周知のとおり、EU(欧州連合)では、使用済み自動車に関する指令(Directive 2000/53/EC, 以下「ELV指令」)により自動車のリサイクルが制度化されている。同指令は、2000年に発効してから20年を経過し、その見直しの議論が出てきている。

その間、欧州ではサーキュラーエコノミーという考え方が広まり、それに関わる行動計画も提示されている。その流れの中でELV指令の見直しについてどのような論点が提示されているかは興味深い。

阿部(2021)で言及したように、2020年8月にELV指令の見直しの論点を整理した報告書が提示されている(Williams et al., 2020)。同報告書は、文献・データ調査のほか、パブリックコメント、ステークホルダーへのオンライン調査、インタビュー調査、ワークショップを踏まえて、EUの使用済み自動車市場およびELV指令の論点をまとめている。
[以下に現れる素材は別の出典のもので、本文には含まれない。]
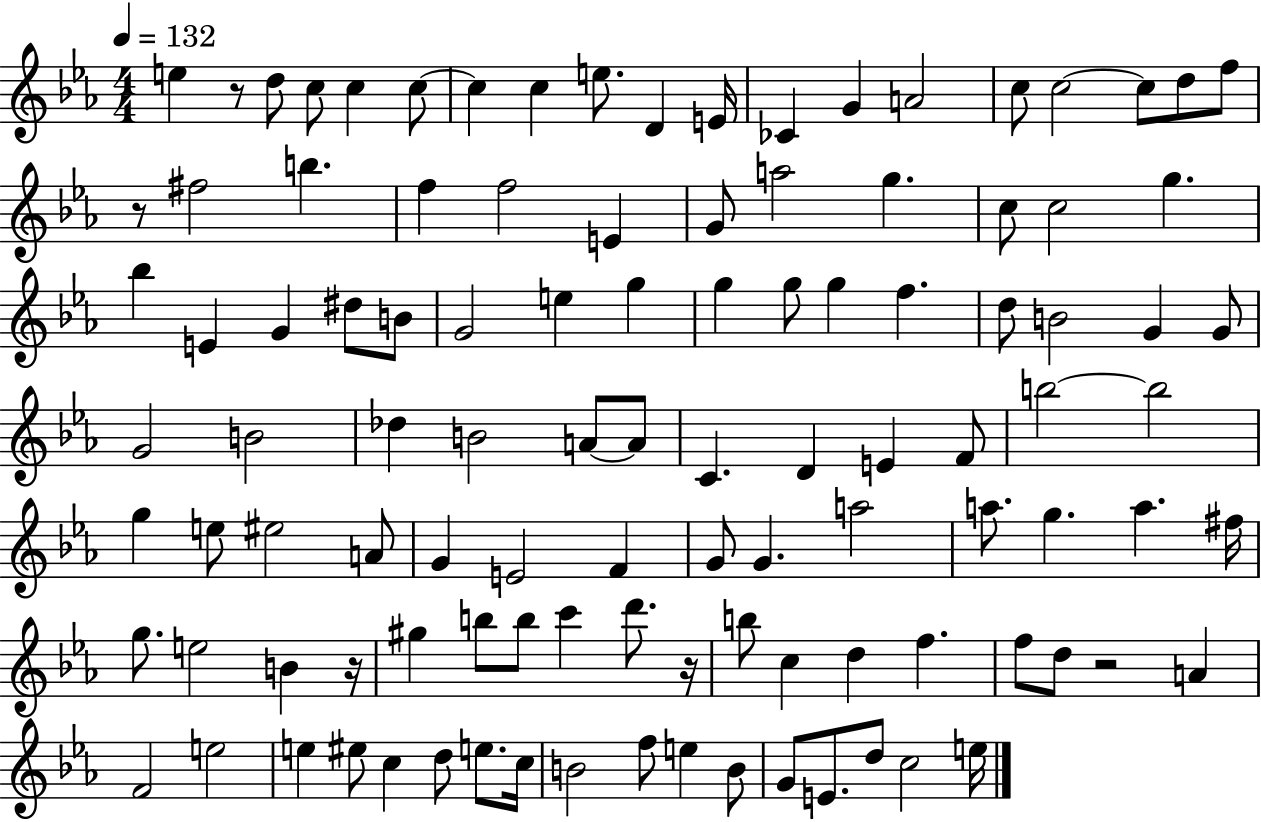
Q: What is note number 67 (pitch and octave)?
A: A5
全部で7章に分かれているが、このうちページの大半を割いている第6章に15の論点が示されている。本稿では、この中で行方不明車問題、拡大生産者責任、サーキュラーエコノミーの3つの論点に絞ってその内容を見ていきたい。

 

2.使用済み自動車の無償引渡し制度

EUの自動車リサイクル制度についてよく知られているのは、ELV指令の第5条第4項に規定されている使用済み自動車の無償引き渡しの仕組みである。そこでは、自動車の最終所有者が使用済み自動車を認定された処理施設に負担なく引き渡すことができるようにし、代わりにそのために生じた費用を生産者が負担するというものである。
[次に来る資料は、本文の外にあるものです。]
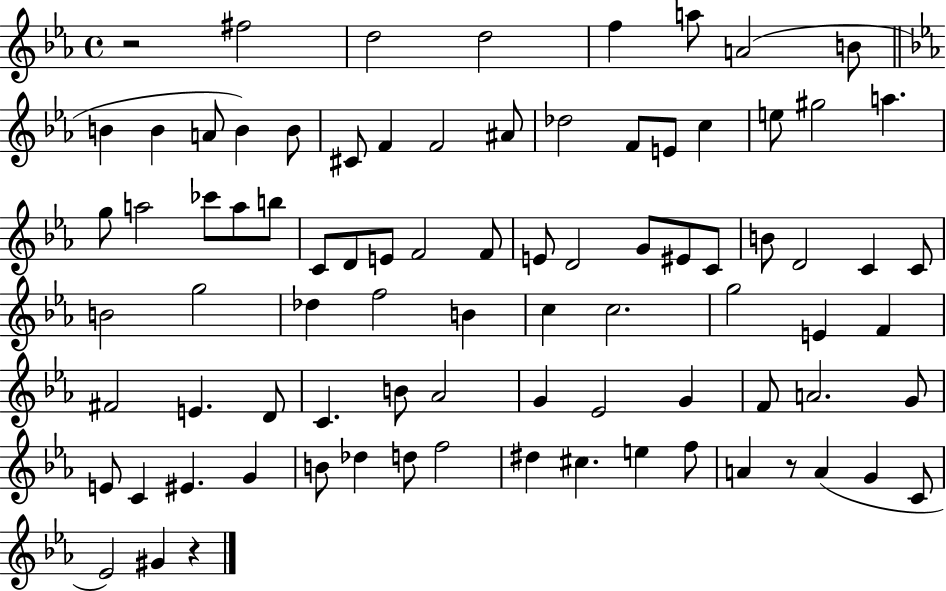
{
  \clef treble
  \time 4/4
  \defaultTimeSignature
  \key ees \major
  r2 fis''2 | d''2 d''2 | f''4 a''8 a'2( b'8 | \bar "||" \break \key ees \major b'4 b'4 a'8 b'4) b'8 | cis'8 f'4 f'2 ais'8 | des''2 f'8 e'8 c''4 | e''8 gis''2 a''4. | \break g''8 a''2 ces'''8 a''8 b''8 | c'8 d'8 e'8 f'2 f'8 | e'8 d'2 g'8 eis'8 c'8 | b'8 d'2 c'4 c'8 | \break b'2 g''2 | des''4 f''2 b'4 | c''4 c''2. | g''2 e'4 f'4 | \break fis'2 e'4. d'8 | c'4. b'8 aes'2 | g'4 ees'2 g'4 | f'8 a'2. g'8 | \break e'8 c'4 eis'4. g'4 | b'8 des''4 d''8 f''2 | dis''4 cis''4. e''4 f''8 | a'4 r8 a'4( g'4 c'8 | \break ees'2) gis'4 r4 | \bar "|."
}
つまり、生産者が負担をして、所有者が無償で使用済み自動車を解体業者等に引き渡すことができる仕組みを構築するというのだ。EU加盟国は、このELV指令に基づいて国内法を策定している。

このような使用済み自動車の無償引き渡し制度は、使用済み自動車に価値がない場合、その放置や不法投棄を予防しうる。引き渡し先は、解体業者等の認定された処理施設であり、適正処理を確保しやすい。

しかし、使用済み自動車に価値がある場合は、認定された処理施設に引き渡されるとは限らない。不適正に分別、処理する者が使用済み自動車を高く買い取る可能性があり、そのような者が不適正処理により市場競争において優位となることがある。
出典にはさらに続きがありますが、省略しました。